EXERCISE OBJECTIVE: Once you reach the line with "Chicken wings cooking over a charcoal grill." below, copy each line exactly, stopping after the line with "Pieluszki dziecięce i", and skip any pictures.

DATA SHOWN:
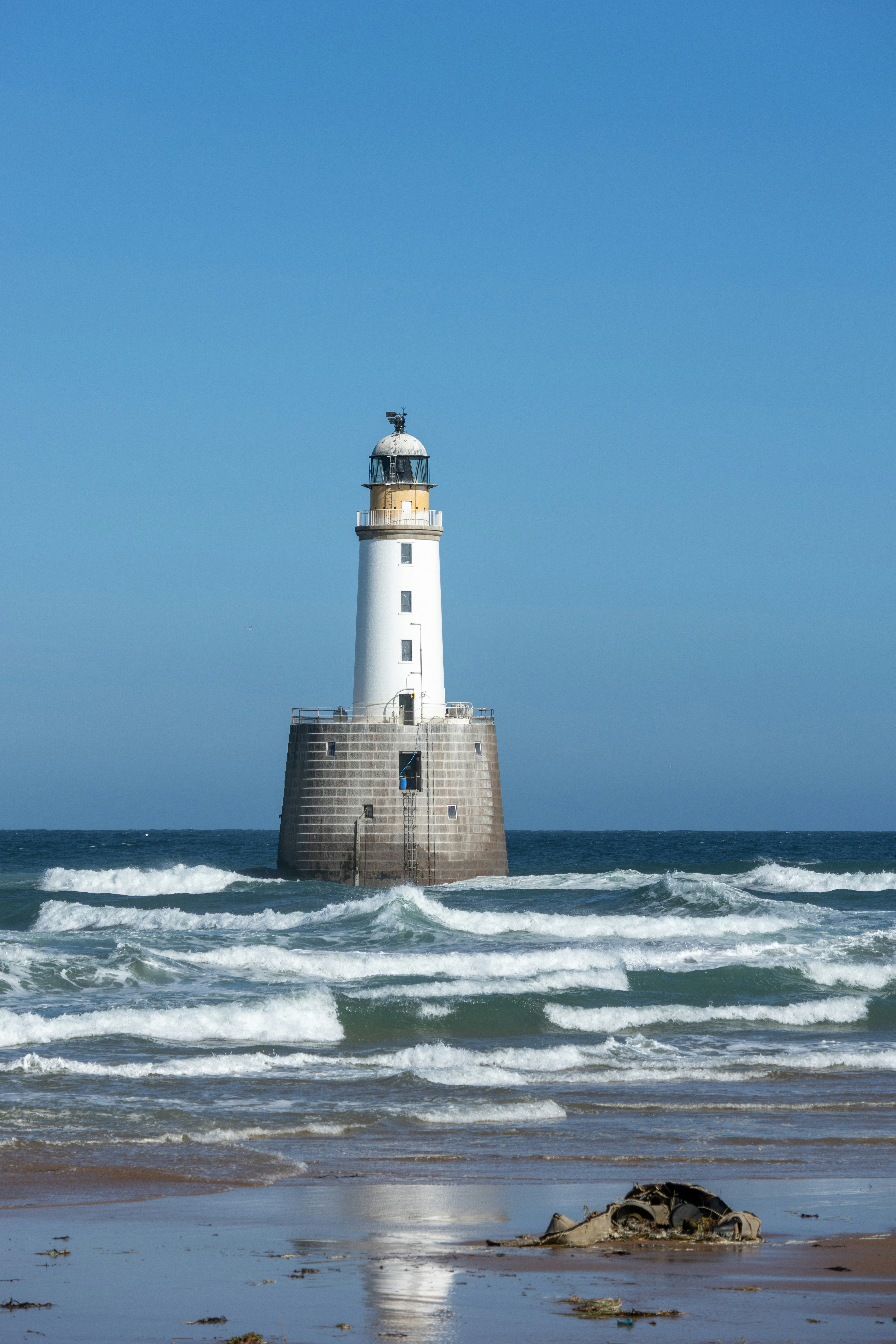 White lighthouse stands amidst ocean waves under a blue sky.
* * *
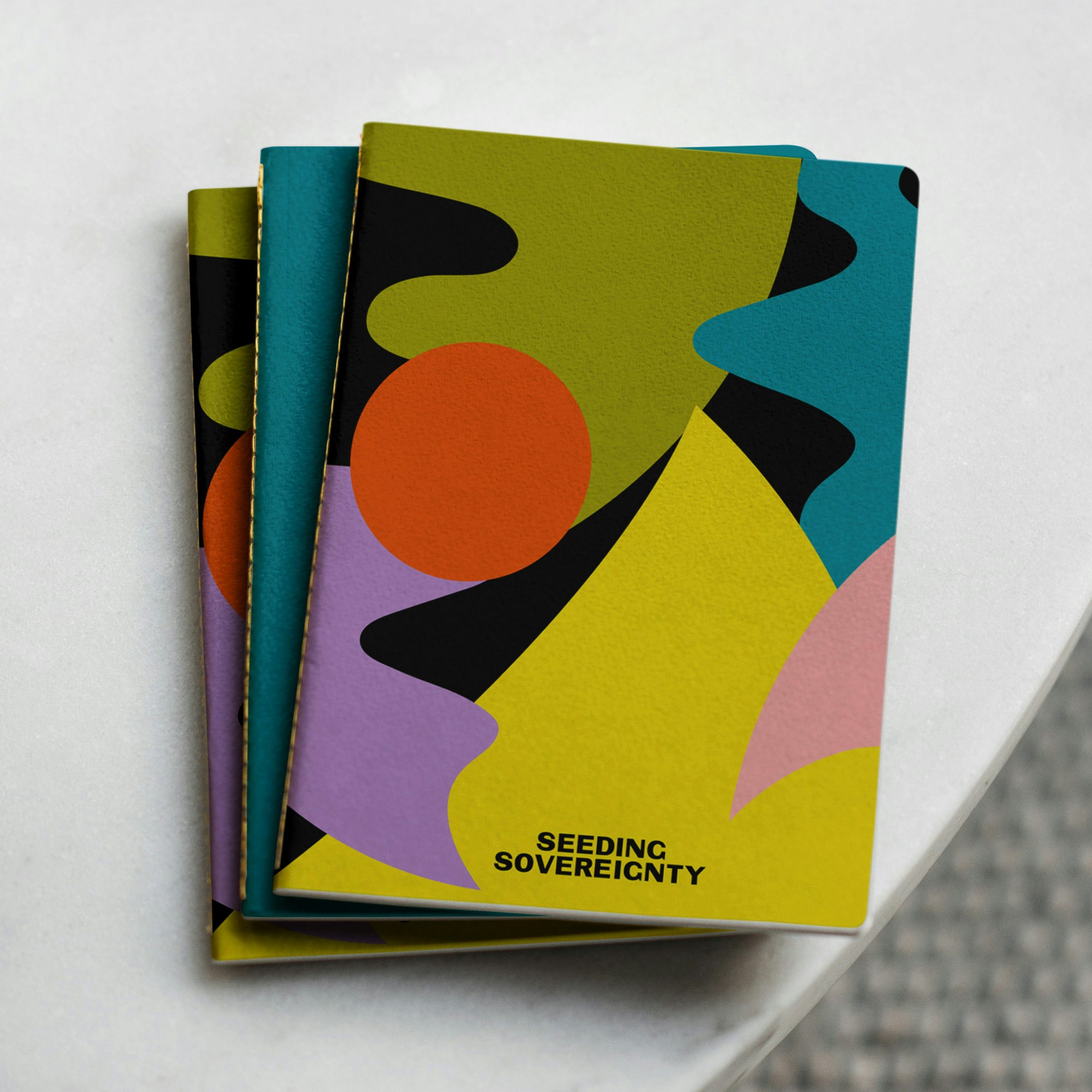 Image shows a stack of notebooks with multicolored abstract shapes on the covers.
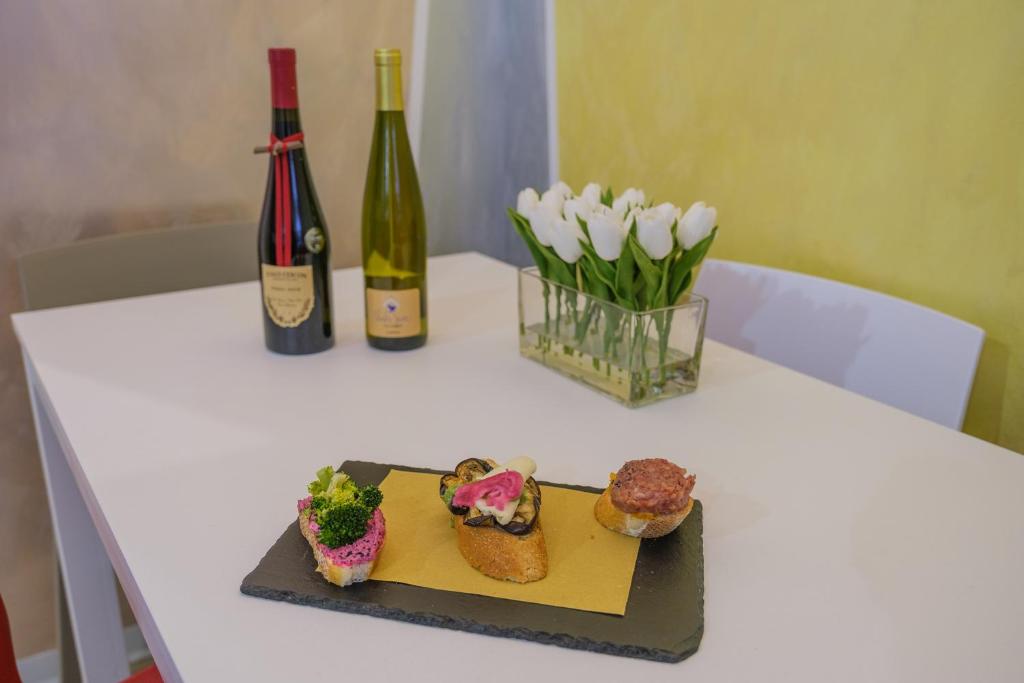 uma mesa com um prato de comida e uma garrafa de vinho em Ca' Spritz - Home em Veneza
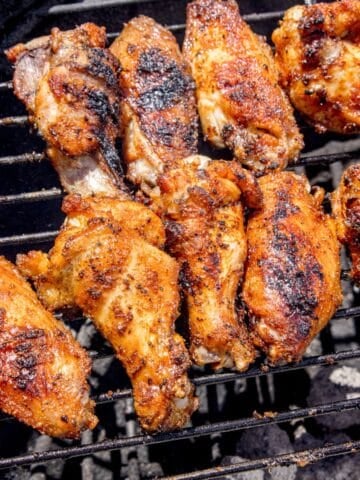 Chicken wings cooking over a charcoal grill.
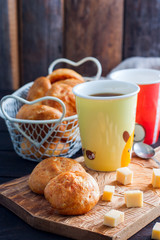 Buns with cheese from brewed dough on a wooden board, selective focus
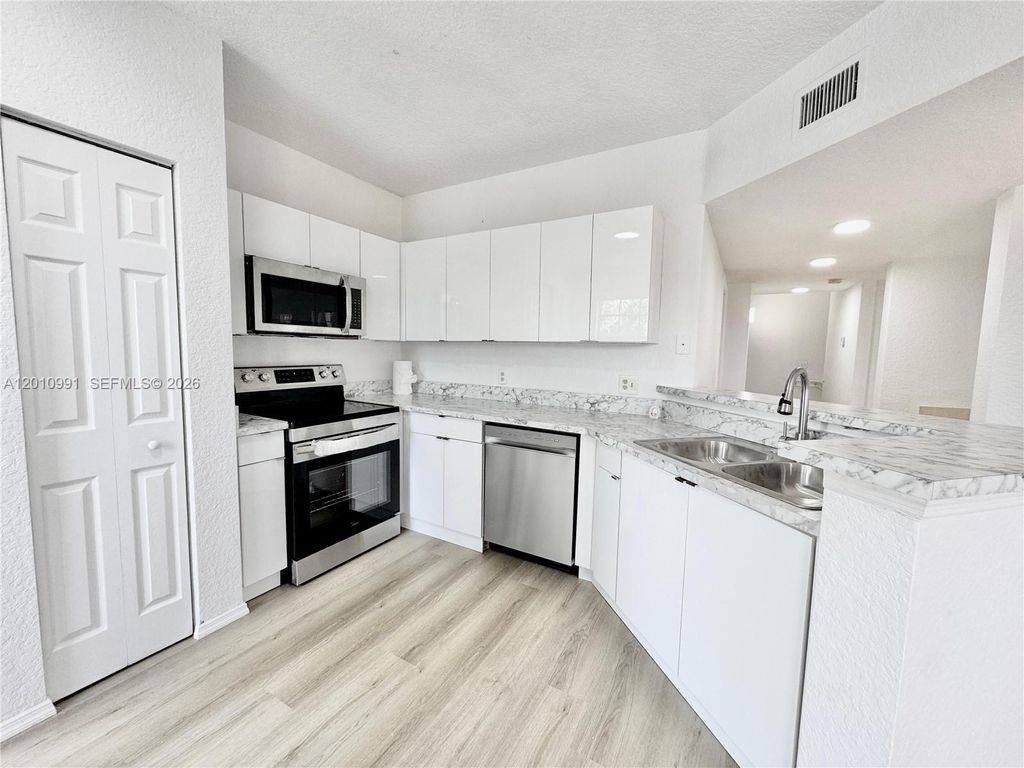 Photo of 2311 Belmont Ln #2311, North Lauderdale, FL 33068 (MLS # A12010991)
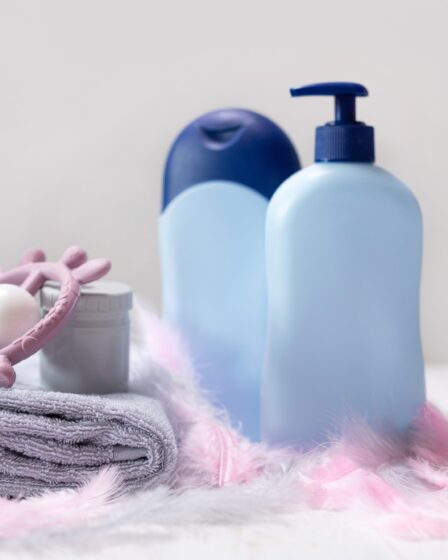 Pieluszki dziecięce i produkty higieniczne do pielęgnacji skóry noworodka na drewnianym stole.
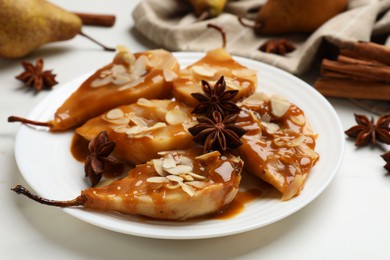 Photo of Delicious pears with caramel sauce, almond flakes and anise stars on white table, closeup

ANSWER TO THIS EXERCISE:
 Chicken wings cooking over a charcoal grill.
 Buns with cheese from brewed dough on a wooden board, selective focus
 Photo of 2311 Belmont Ln #2311, North Lauderdale, FL 33068 (MLS # A12010991)
 Pieluszki dziecięce i produkty higieniczne do pielęgnacji skóry noworodka na drewnianym stole.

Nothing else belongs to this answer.